The mechanical rules are publicly available. What a specialist adds:
- Multi-year tax modeling: projecting your income across all 10 years — salary, Social Security, other retirement accounts, the inherited IRA — and finding the lowest-total-tax distribution pattern.
- Roth conversion coordination: determining how much to convert from your own IRA in the same years you take inherited IRA withdrawals, to maximize the bracket and minimize IRMAA exposure.
- Year-10 management: making sure you don't arrive at year 10 with a balance that creates a large, unanticipated tax spike — and that you've positioned enough in Roth or after-tax accounts to absorb the hit if it happens.
- Trust and multi-beneficiary cases: navigating the fractional-interest rules when an IRA has multiple named beneficiaries, or determining whether a trust qualifies as see-through and what that means for annual RMD obligations.
Get matched with an inherited IRA specialist
Fee-only advisors who model the full 10-year tax picture — not just year-one distributions.
Sources
- IRS T.D. 10001, "Required Minimum Distributions," finalized July 18, 2024. IRS Notice 2024-35 (waiving 2024 penalties); Notice 2023-54 (2023); Notice 2022-53 (2021–2022).

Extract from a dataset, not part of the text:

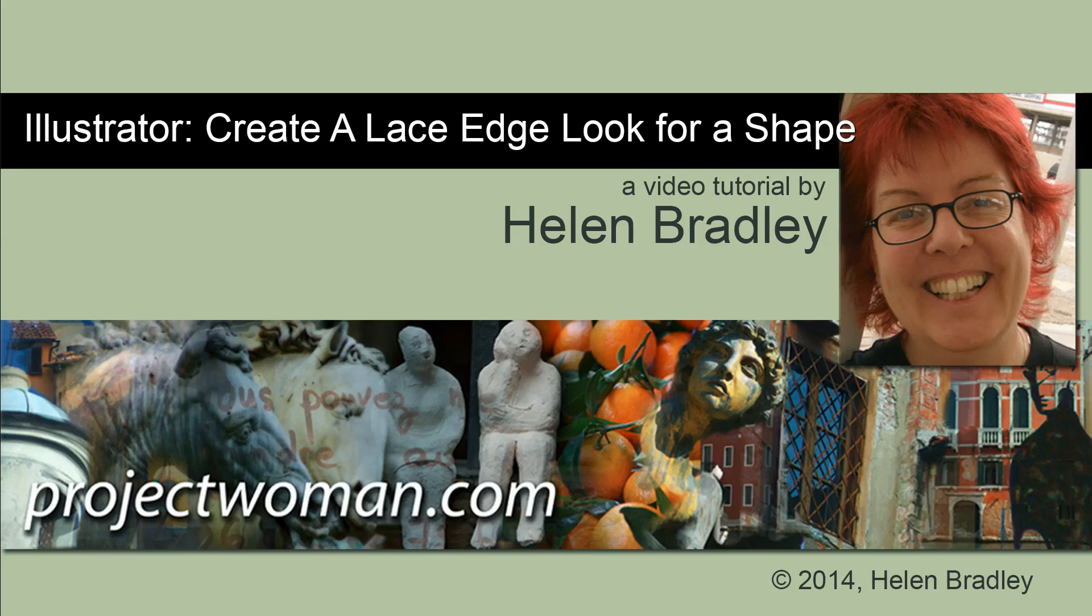Hello, I'm Helen Bradley. Welcome to this video tutorial. In this tutorial I'm going to show you how you can create a fairly quick and easy lace edge look for a shape in Illustrator.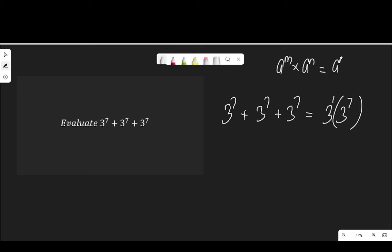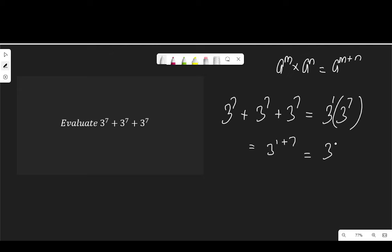If we apply the law here, that would be 3 to the power of 1 plus 7, which gives us 3 to the power of 8. And that brings us to the end of this.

IRS Notice 2024-35 (PDF).
- SECURE 2.0 Act of 2022, § 107 (amending IRC § 401(a)(9)(C)). RBD age 73 for individuals born 1951–1959; RBD age 75 for those born 1960 or later. IRS — Retirement Topics: RMDs.
- SECURE 2.0 Act, § 302 (amending IRC § 4974). Excise tax on missed RMDs reduced from 50% to 25%; further reduced to 10% if corrected within a 2-year correction window. IRS — Correcting RMD Failures.
- IRS Publication 590-B (2025), Appendix B, Table I (Single Life Expectancy). IRS Publication 590-B. Age 55 life expectancy factor = 31.6 (2025 table values per T.D. 9930 updated tables, effective 2022+).
- Inherited Roth IRAs have no RBD because Roth IRA owners are not subject to lifetime RMDs under IRC § 408A(c)(5). Per T.D. 10001, the post-RBD annual RMD trigger requires an actual RBD, which Roth IRAs lack. IRS — RMDs for IRA Beneficiaries.
Tax rules verified against 2026 IRS guidance. RMD amounts, ages, and penalty rates reflect IRS Publication 590-B (2025 edition, covering 2025 tax year), SECURE 2.0 Act as enacted, and T.D. 10001 final regulations effective for distributions beginning in 2025.